Мы упали на ложе и больше ни о чем в ту ночь не думали.
Глава одиннадцатая
В ТРОННОМ ЗАЛЕ
Вместо торжественного отплытия фараона получилась скромная церемония прощания на пристани. Быть может, неприязнь придворных ко мне перешла и на Сети — ведь он позволил сыну взять меня в жены, хотя и знал, что, продлись в Фивах засуха или случись мор, обвинят, скорее всего, меня. Царица Туйя, обнимая сына, едва сдерживала слезы, Рамсес хранил торжественное выражение лица. Кто знает, что случится, когда уйдет флотилия Сети; за криками чаек я расслышала, как он сказал Рамсесу:
— Половина войска остается у тебя. Если пройдет только слух о мятеже…
— Мятежа не будет.
— Пусть твои люди все время ходят по городу, — не успокаивался Сети. — Здесь остаются четыре советника. Пошли одного походить по улицам, послушать, что болтают в народе. Теперь Фивы — твоя столица.

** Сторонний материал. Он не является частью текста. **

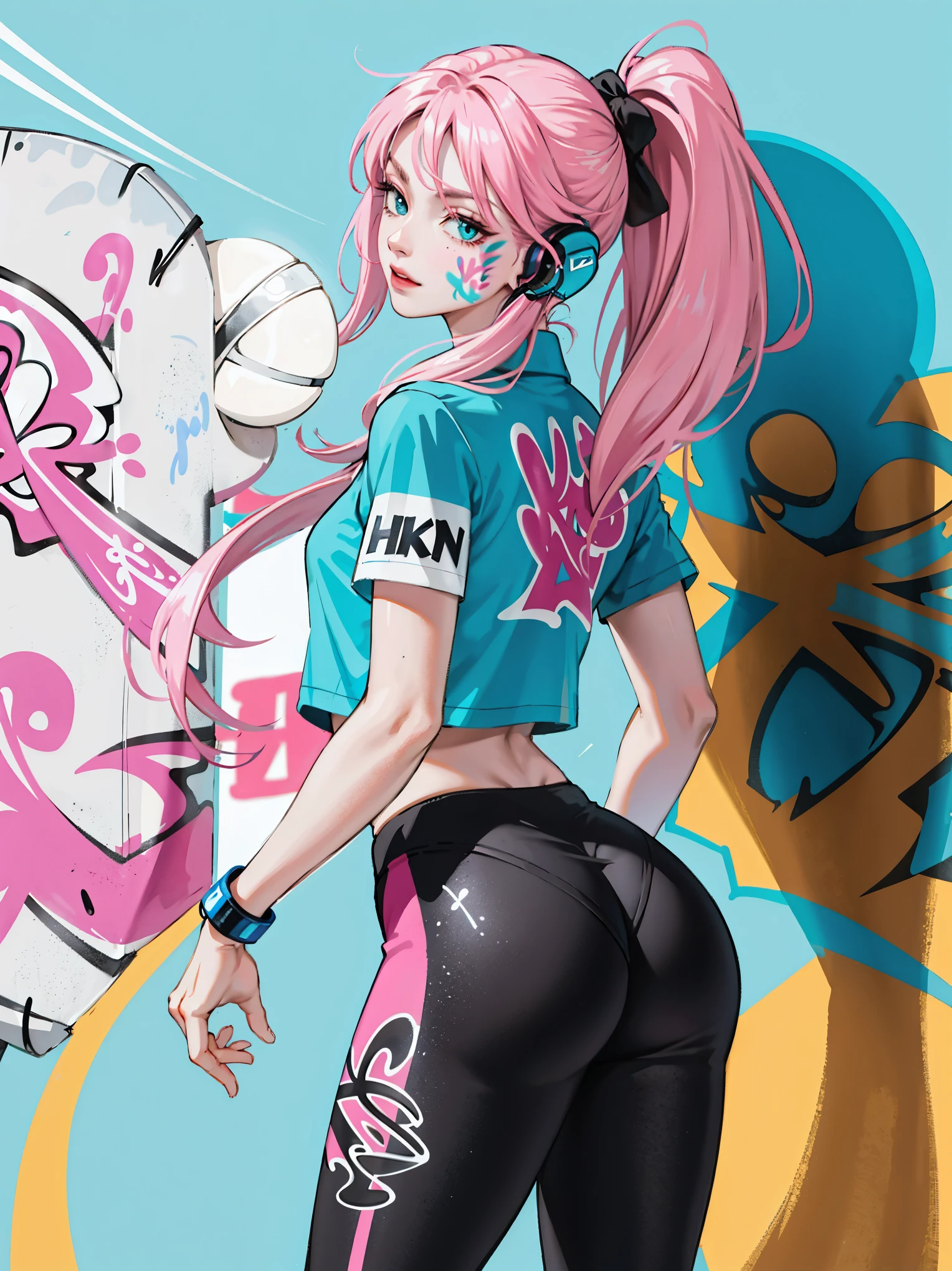 girl colorful hair,fun jacket,fun boots,giant tits,sexy pose,Ass up ,anal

Позади него в темнеющем небе светился, словно жемчужина, дворец Мальката.
— Пусть твое царствование прославит этот город. Нужно восстановить храм в Луксоре, дабы народ видел: для тебя нет ничего важнее почитания богов. — Сети поманил меня пальцем с драгоценным перстнем. — Малышка Нефертари!
Я крепко обняла фараона.
— Будь осторожна на восточном берегу. Будь терпелива с людьми.
— Постараюсь, — пообещала я.
Сети взял меня за руку и отвел в сторонку. «Он, конечно, хочет поговорить о том, что случилось вчера в городе», — подумала я. Но фараон заговорщицки прошептал:
— Заботься о моем сыне. Рамсес такой безрассудный, и рядом должен быть кто-то благоразумный.
Я вспыхнула.
— Наверное, тут больше подойдет Аша…
— Аша будет оберегать моего сына в сражении. А я опасаюсь дворцовых интриг. Не все живут по законам богини Маат [48] . Я знаю, за этими зелеными глазищами кроется разум, который все отлично понимает.
48
Маат— богиня правды и правосудия; часто изображалась в виде женщины с крыльями (или в короне с одним пером). Перо Маат клалось на весы при взвешивании сердца умершего, чтобы определить, достоин ли он перейти в Царство мертвых. Имя Маат было символом справедливости, честности и порядочности — свойств, которыми предписывалось обладать каждому египтянину.